■ **Task to carry out**: Although the data below holds other lines too, output only those from the line with "Rectangle Dining Table" up to and including the line with "A picture of", exactly as they appear.
Data for analysis Block Start
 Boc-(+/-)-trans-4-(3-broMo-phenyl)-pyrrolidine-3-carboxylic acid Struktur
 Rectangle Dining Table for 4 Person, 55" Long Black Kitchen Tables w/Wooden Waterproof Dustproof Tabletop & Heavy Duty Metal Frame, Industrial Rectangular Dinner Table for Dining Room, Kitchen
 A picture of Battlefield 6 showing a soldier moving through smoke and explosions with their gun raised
Data for analysis Block End
Data for analysis Block Start
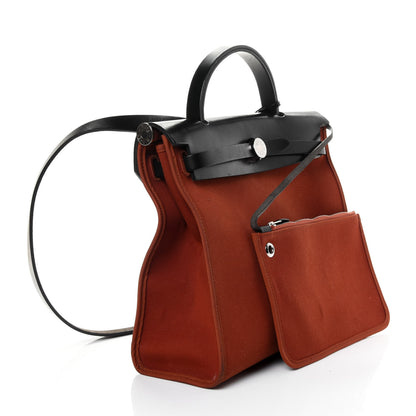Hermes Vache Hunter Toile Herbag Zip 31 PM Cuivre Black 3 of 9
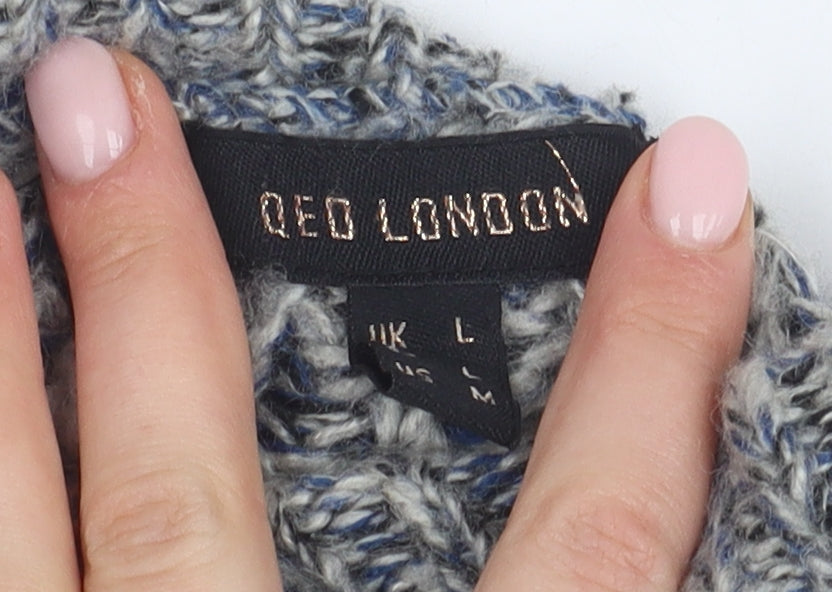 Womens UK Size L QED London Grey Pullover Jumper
Data for analysis Block End
■ **Response to the task**:
 Rectangle Dining Table for 4 Person, 55" Long Black Kitchen Tables w/Wooden Waterproof Dustproof Tabletop & Heavy Duty Metal Frame, Industrial Rectangular Dinner Table for Dining Room, Kitchen
 A picture of Battlefield 6 showing a soldier moving through smoke and explosions with their gun raised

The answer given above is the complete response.